The public discussion about dams continues in today’s Letters to the Bee, and I’ve inserted content corrections highlighted and in brackets.
Here are exceprts.
Letters to Editor
Thursday, March 23, 2006
Letter #1) What killed funding for new dams in the Legislature's infrastructure bond debate was the hard fact that new dams produce less water and cost far more than water conservation or other water management choices (visit friendsoftheriver.org for the numbers).
Nearly 6 million acre-feet of new surface and groundwater storage has been developed in the last 15 years. In addition, total water use in California is actually declining and could decline faster, even as the population and economy grows, if we invest in common-sense water management programs.
Instead of destructive, costly and unproductive dams, the state needs to invest in conservation, reclamation and groundwater storage - all programs that truly meet our water needs and conserve and restore the environment. [Except provide flood protection]
Letter #2) debates over new dams in California often take on a religious fervor, but The Bee mischaracterized the "soft path" to water, an approach defined and described in detailed work from the Pacific Institute.

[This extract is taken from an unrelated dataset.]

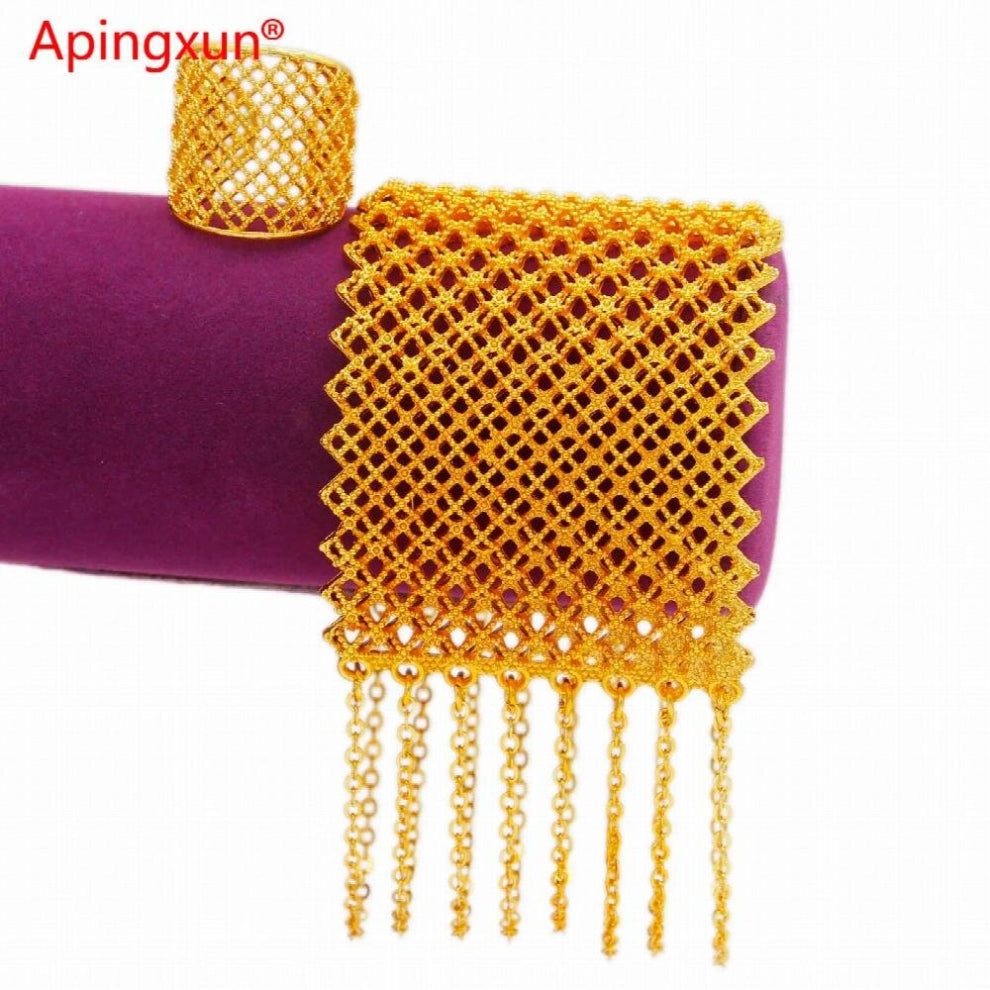 Dubai 24k Tassels Cuff Bracelet&Ring Set African-Arab Wedding Charm Jewelry Women Party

The soft path does not preclude new dams or infrastructure. Indeed, in California, new infrastructure may someday be needed. But not today. All of the benefits [Except for flood protection] that new dams could offer can be provided faster, cheaper and cleaner by reducing the wasteful use of water, expanding supplies by smarter use of reclaimed water and groundwater, and reducing inappropriate subsidies that encourage water waste.